Harrigan responds: "Buffet is a great investor, he really is. Is he a great advocate of proper levels of checks and balances in terms of corporate governance? I don't think that is his strong point. We weren't suggesting those members be removed from the board. We were making a statement about how important we think it is that you draw a bright line between audit and non-audit related services."
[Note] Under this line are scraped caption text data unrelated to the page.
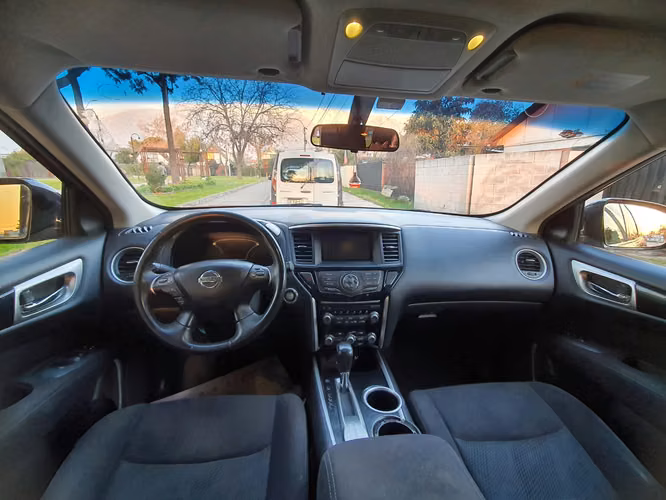 nissan pathfinder 2015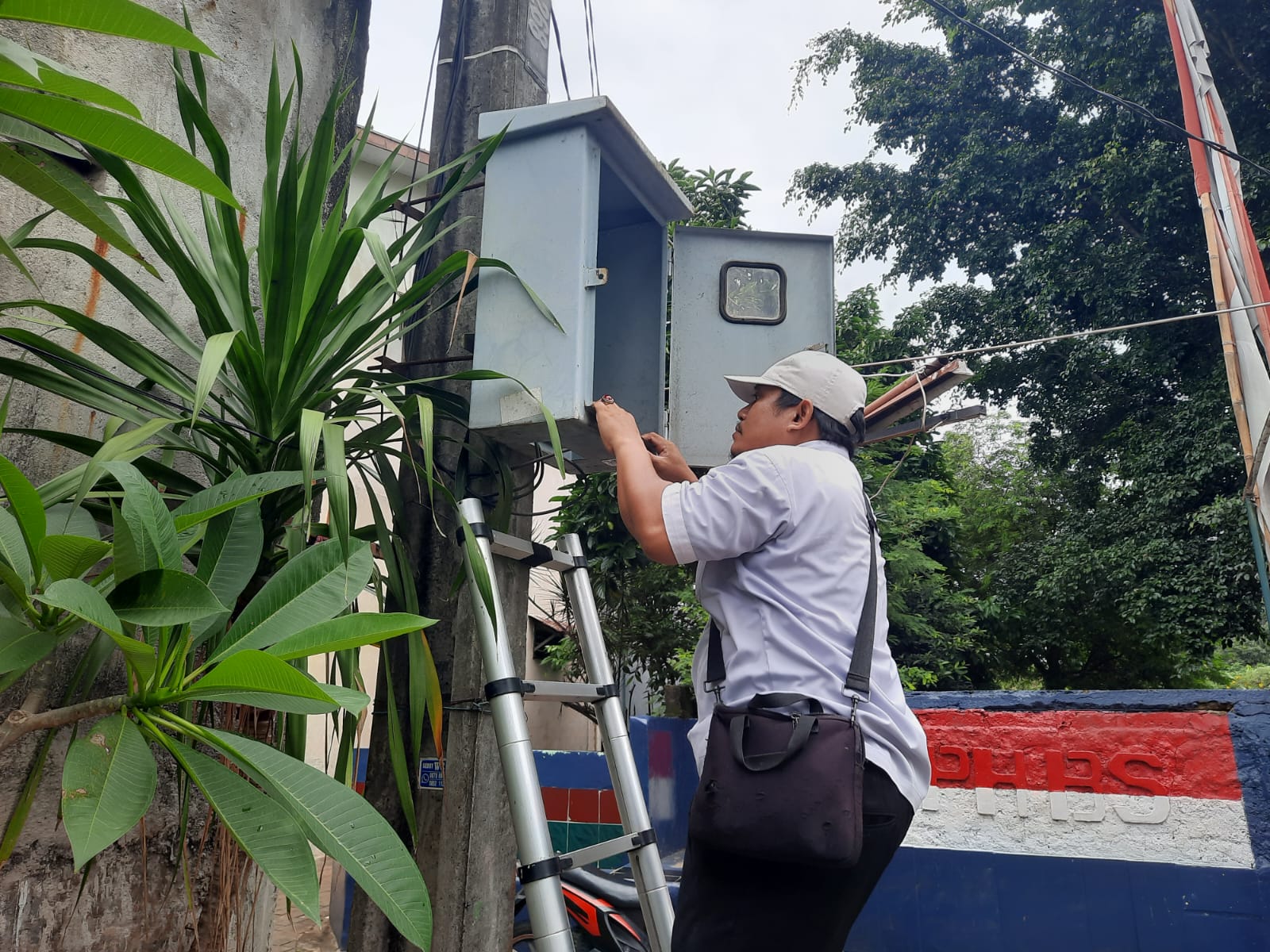 Perbaikan Lampu PJU Kampung Terang oleh Tim Teknisi Kecamatan di Wilayah RT 02 RW 12 Kelurahan Sudimara Barat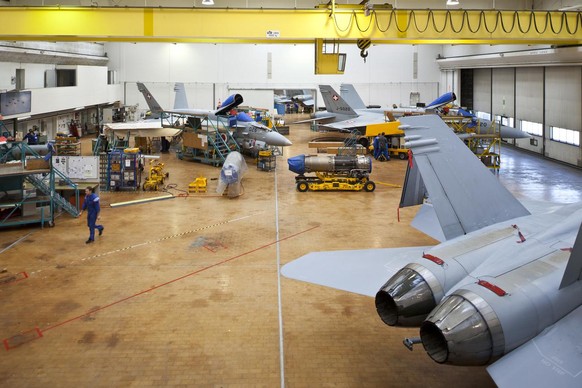 F/A-18 fighter jets of the Swiss Army stand in a hangar of RUAG Aviation in Emmen in the canton of Lucerne, Switzerland, for maintenance, pictured on February 7, 2011. (KEYSTONE/Gaetan Bally)

Kampffl ...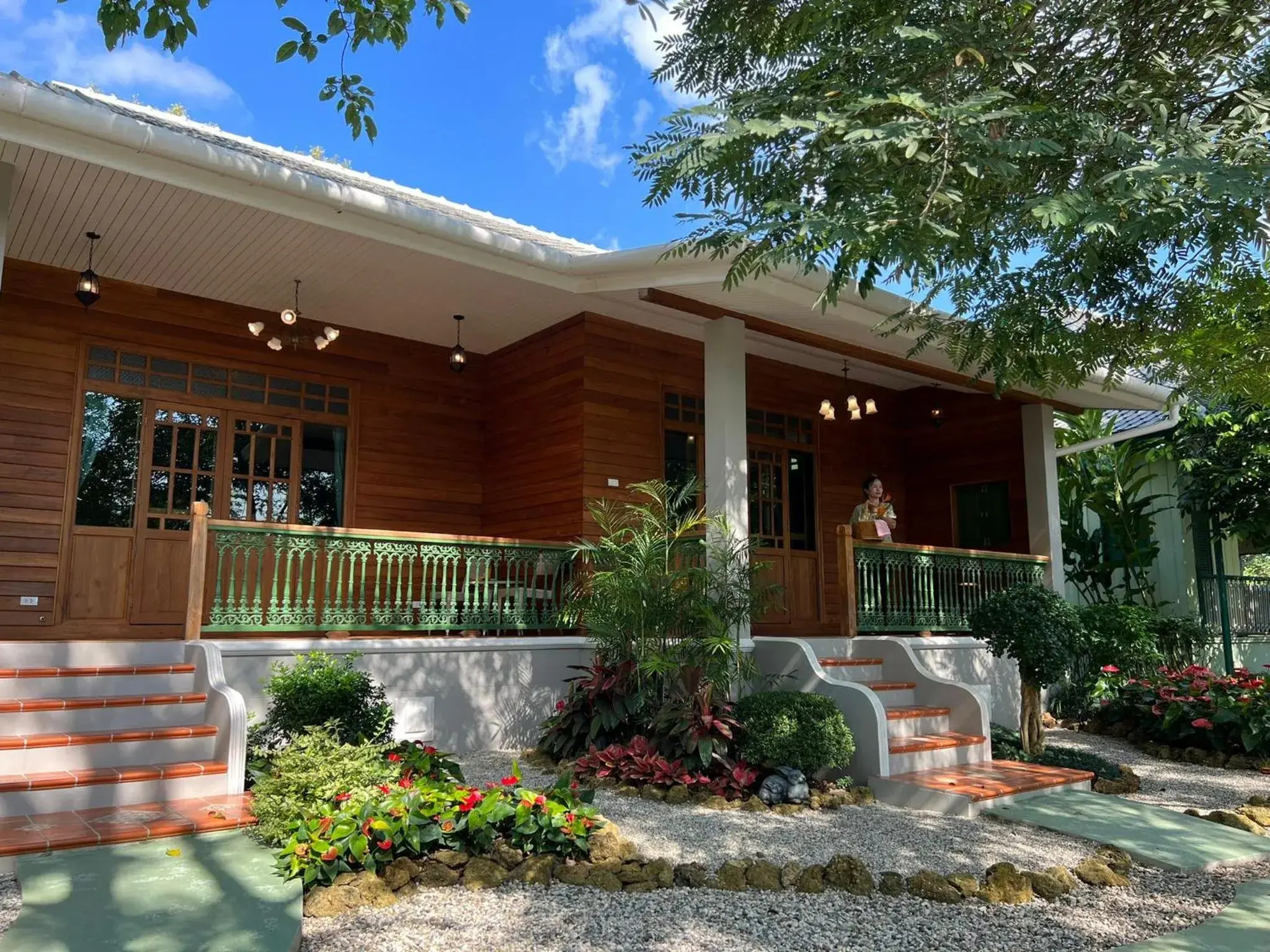 Home of Dusita Home of Dusita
The criticisms appear to have had an effect. Calpers is unlikely to continue the aggressive stance on auditors and will set out a more selective policy in October or November. "Some people think we did the right thing, some people think we did the wrong thing. I don't know. I think we made a lot of noise. This is the first time we've done it. Maybe what we did was absolutely the right thing to do for the first proxy season. Maybe now we need to look at refining it."
Overseas targets
The fund's next big focus will be executive compensation, an incendiary issue on both sides of the Atlantic. Calpers is planning a separate focus list of the most egregious cases of excessive pay which will be published later this year or early next.
Harrigan says Calpers will also focus more efforts on shaking up poorly managed companies overseas, including Britain - it was part of the failed revolt against James Murdoch's accession at BSkyB. Calpers was a founding member in May of the International Forum for Active Shareowners to encourage more cross-border cooperation and holds about 25% of its equities outside the US.
Harrigan judges the most important imminent issue for investors in the US to be the so-called access to the proxy.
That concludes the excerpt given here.